Dataset entries
-- Opening Marker --

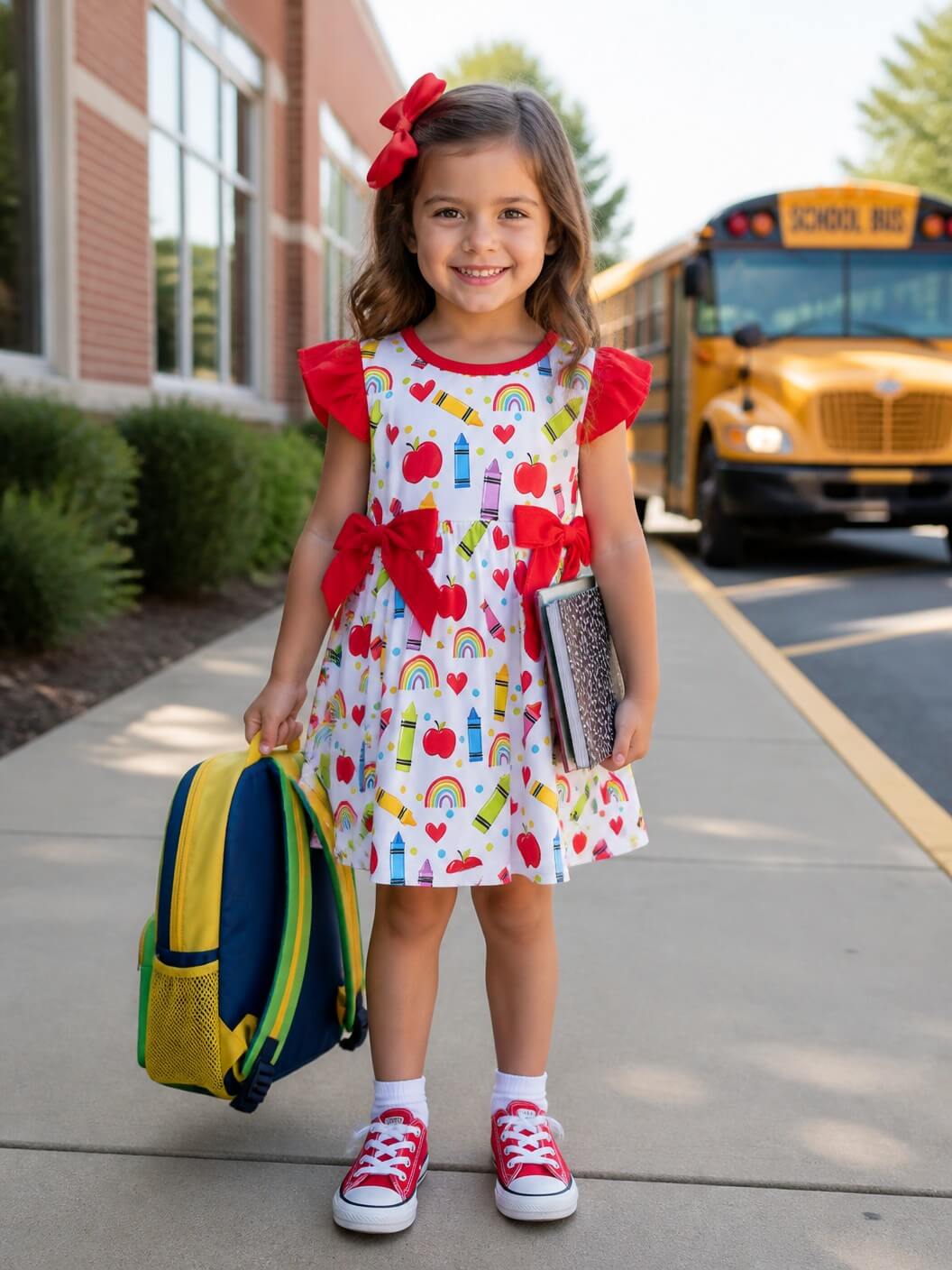 Back to School Fun Girls Red Coquette Bow Dress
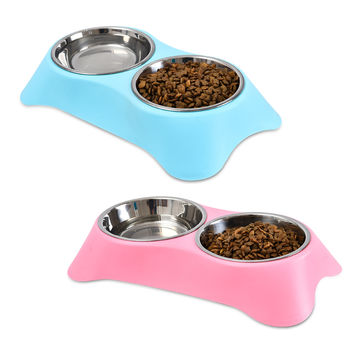 Double Dog Bowl - Double Stainless Steel Dog and Cat Food and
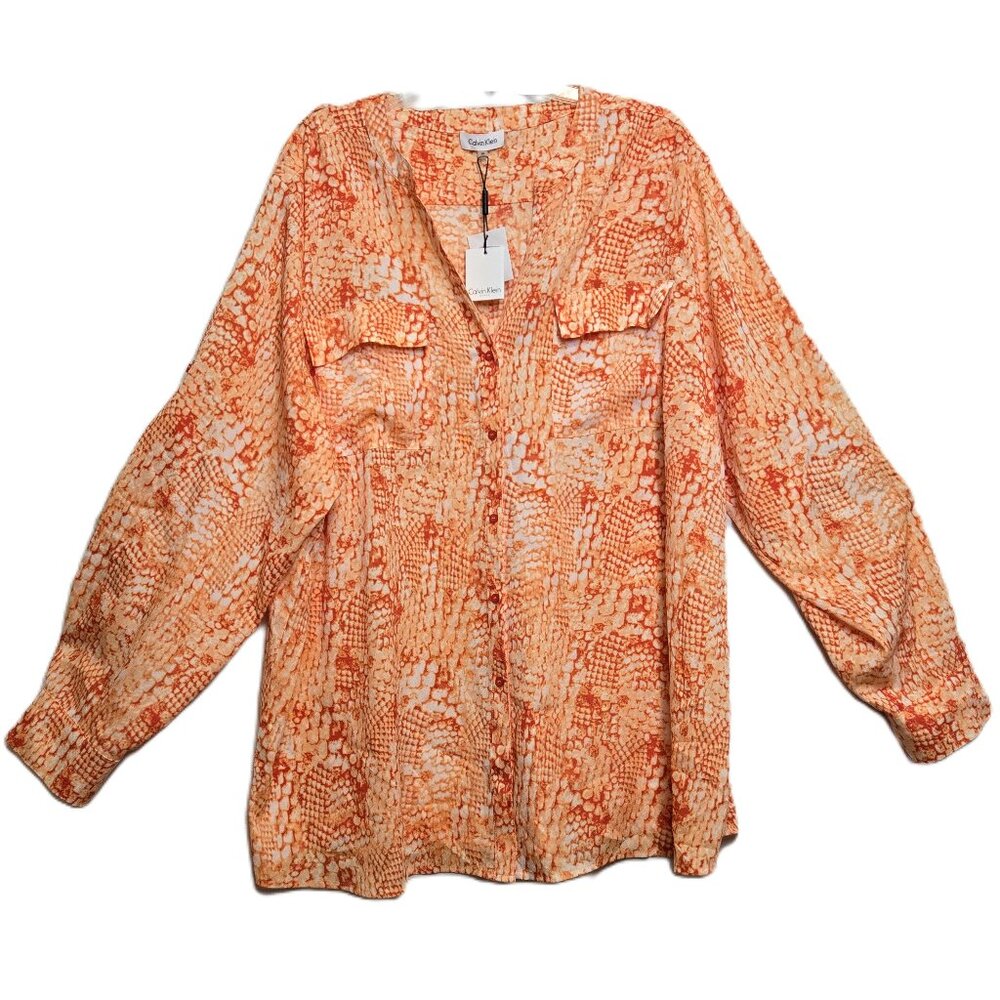 Calvin Klein Button Front, Roll Tab, Orange Print Blouse/Shirt. Women’s Size 3X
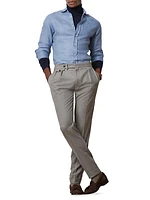 Brushed Linen Long-Sleeve Sport Shirt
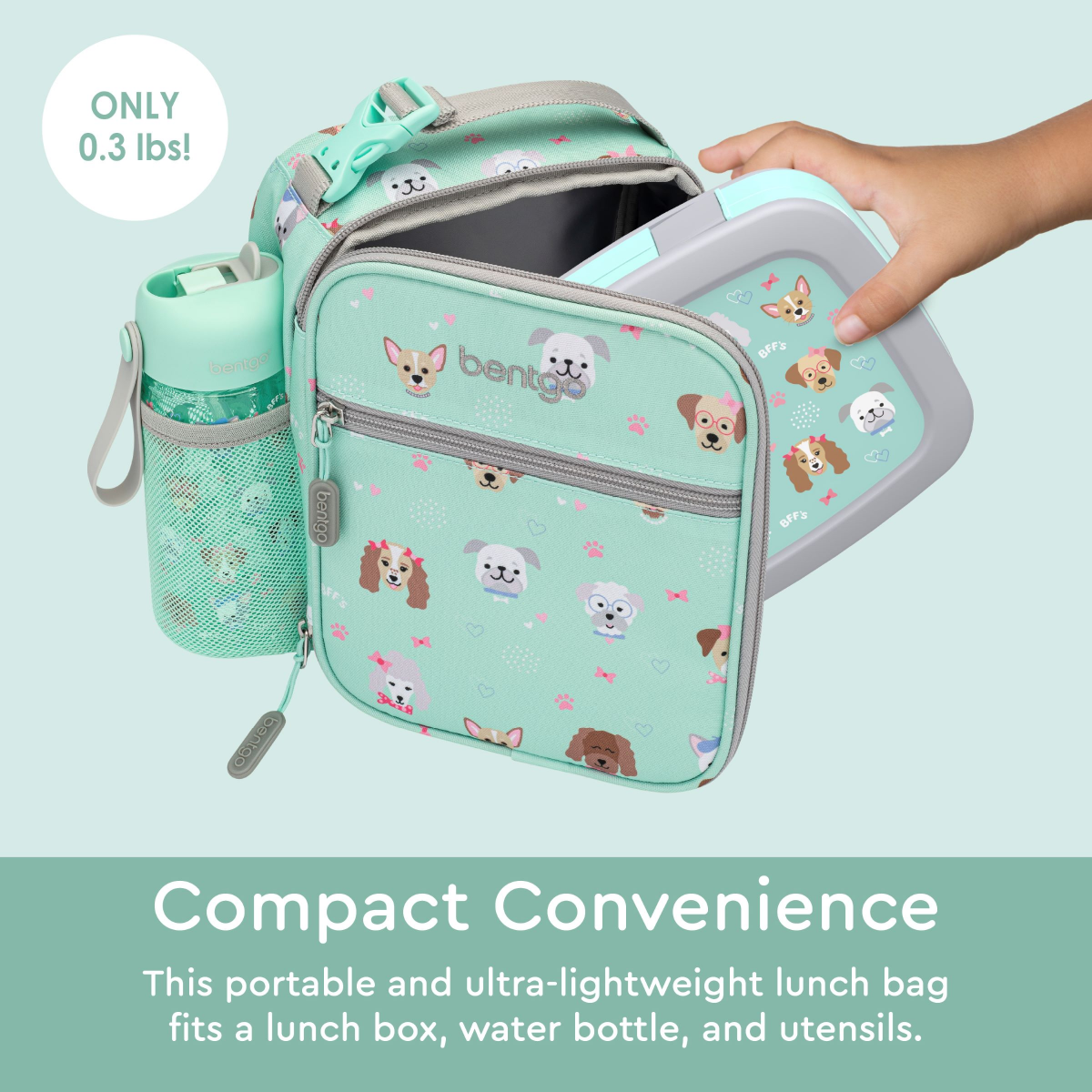 slide 1 of 4, Bentgo Kids Insulated Lunch Tote Puppy Love, 1 ct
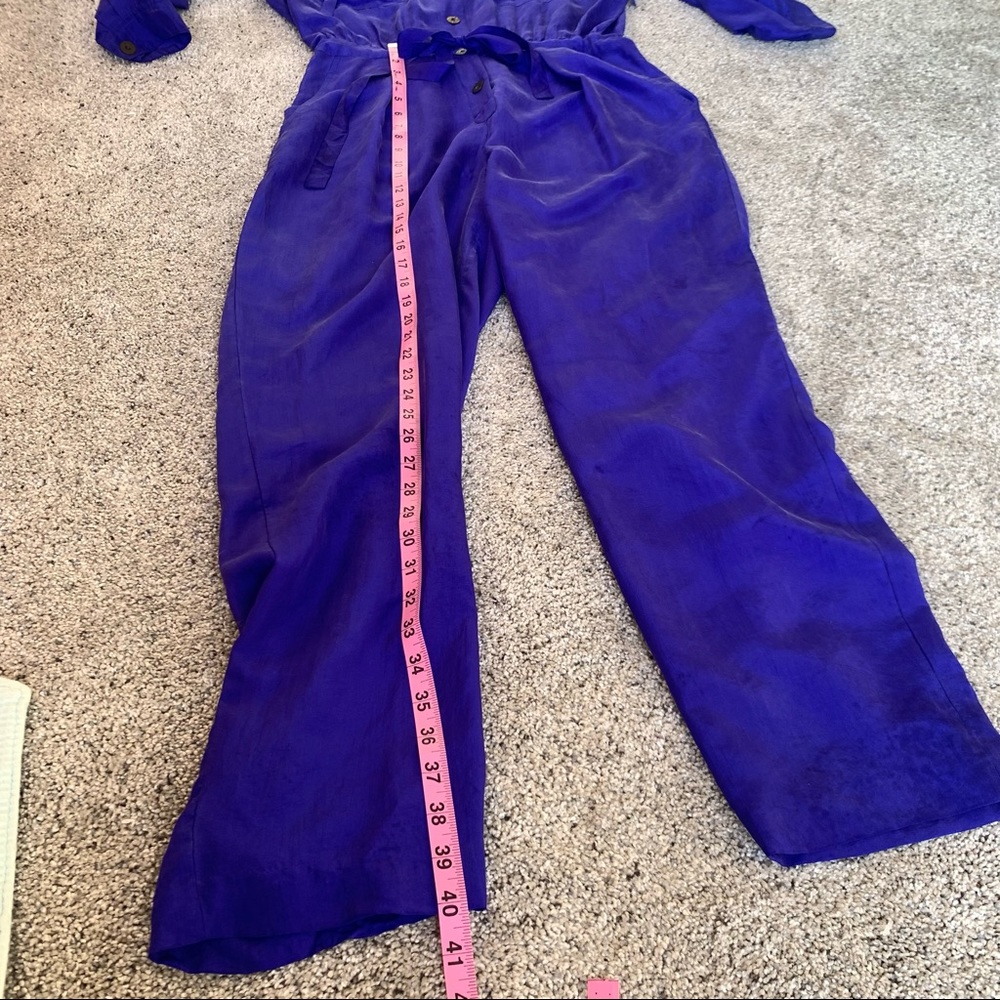 Vintage Saks Real Clothes Silk Blue Jumpsuit - Picture 7 of 14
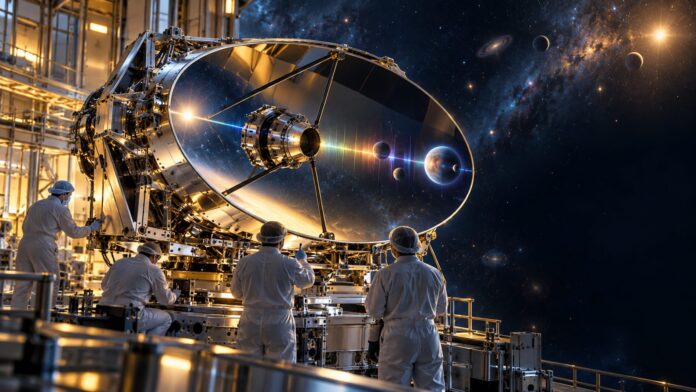 Tecnici in camera bianca lavorano al telescopio della Ariel missione ESA per analizzare la luce di mille pianeti.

-- Closing Marker --

(PROBLEM STATEMENT) Each entry is to be given again exactly as it stands, with its pictures removed.

(SOLUTION)
 Back to School Fun Girls Red Coquette Bow Dress
 Double Dog Bowl - Double Stainless Steel Dog and Cat Food and
 Calvin Klein Button Front, Roll Tab, Orange Print Blouse/Shirt. Women’s Size 3X
 Brushed Linen Long-Sleeve Sport Shirt
 slide 1 of 4, Bentgo Kids Insulated Lunch Tote Puppy Love, 1 ct
 Vintage Saks Real Clothes Silk Blue Jumpsuit - Picture 7 of 14
 Tecnici in camera bianca lavorano al telescopio della Ariel missione ESA per analizzare la luce di mille pianeti.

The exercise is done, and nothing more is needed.